Remember the First Ladies: The Legacies of America’s History-Making Women
- Author: Diana B. Carlin, Anita B. McBride, and Nancy Kegan Smith
- Language: English
- Genre: Non-fiction
- Publisher: Cognella Academic Publishing
- Publication date: 2024
- Pages: 562
- ISBN: 979-8-8233-4667-2

= Remember the First Ladies =

2024 book

Remember the First Ladies: The Legacies of America's History-Making Women is a 2024 book by Diana B. Carlin, Anita B. McBride, and Nancy Kegan Smith that examines the evolving role of the First Ladies of the United States in American history. It explores their contributions to societal and political issues through thematic chapters highlighting figures such as Eleanor Roosevelt, Lady Bird Johnson, Betty Ford, and Michelle Obama.

== Contents ==
Remember the First Ladies is a book co-authored by Diana B. Carlin, Anita B. McBride, and Nancy Kegan Smith, published in January 2024 by Cognella Academic Publishing. This book is a more accessible version of the authors' previous textbook, designed for general readership. It explores the evolving role of the First Ladies of the United States in American history and their impacts on society.
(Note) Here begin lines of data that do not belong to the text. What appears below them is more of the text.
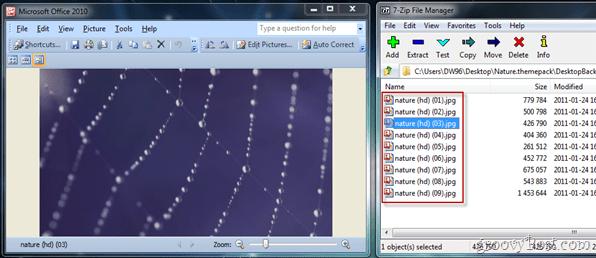 extrahera tapeter från temafilen Windows 7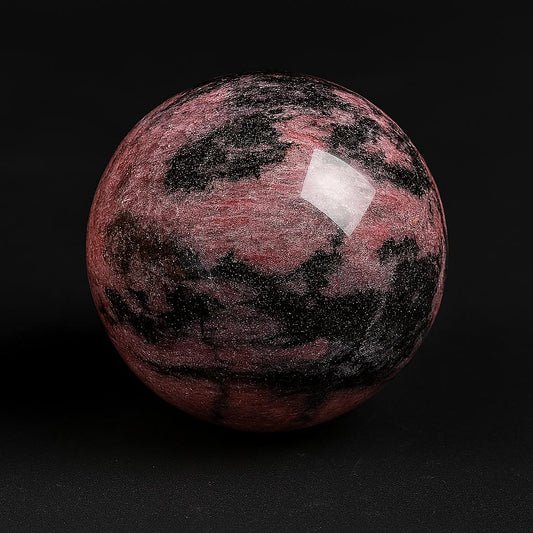 Natural Rhodonite Crystal Sphere – Polished Pink & Black Healing Stone for Emotional Balance & Heart Chakra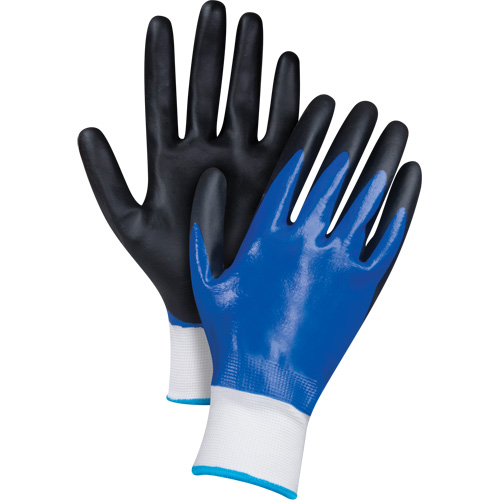 Gants enduits noir & bleu, 2T-Grand, R&ecirc;vetement Mousse de nitrile, Calibre 15, Enveloppe en Nylon Pathway Supply LP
The book examines themes associated with individual First Ladies. These include Eleanor Roosevelt's advocacy for human rights, Lady Bird Johnson's environmental initiatives, Betty Ford's support for the Equal Rights Amendment, and Michelle Obama's use of social media to promote her causes, such as combating childhood obesity. The title is derived from Abigail Adams’ famous plea to her husband, John Adams, to "remember the ladies" during the drafting of the U.S. Constitution.

The text covers how the responsibilities of First Ladies vary due to the lack of a constitutional definition for the role. It notes that the influence of First Ladies often depends on their individual interests and their husbands' support. For instance, Martha Washington established precedents for the position by assisting in ceremonial duties.

== Reception ==
The book received attention for its comprehensive approach to documenting the lives and contributions of First Ladies. It was praised for its collaboration among the three authors, who brought diverse expertise. Diana Carlin, a retired professor, previously taught courses on First Ladies. Nancy Kegan Smith contributed experience from her role as the director of the Presidential Materials Division at the National Archives and Records Administration. Anita McBride, a former chief of staff to Laura Bush, offered insight from her firsthand experiences in the White House.

The Washingtonian noted that the book chronicles shifts in the role of First Ladies from Martha Washington to contemporary figures like Jill Biden, providing a broad historical context. The outlet compared it favorably to other works on the subject, noting its focus on the entire historical span of First Ladies rather than just recent occupants of the role.

Reviewers highlighted the book's emphasis on themes such as the lack of a rulebook for the position and the balance between personal interests and public expectations. The adaptability of the role was a recurring focus, with the authors citing examples of how First Ladies have influenced policy and public opinion through non-traditional means.

The collaborative nature of the project, combined with its aim to reach a wider audience, was frequently emphasized in coverage of the book's release. Observers noted that it seeks to fill gaps in public understanding of First Ladies and their historical contributions.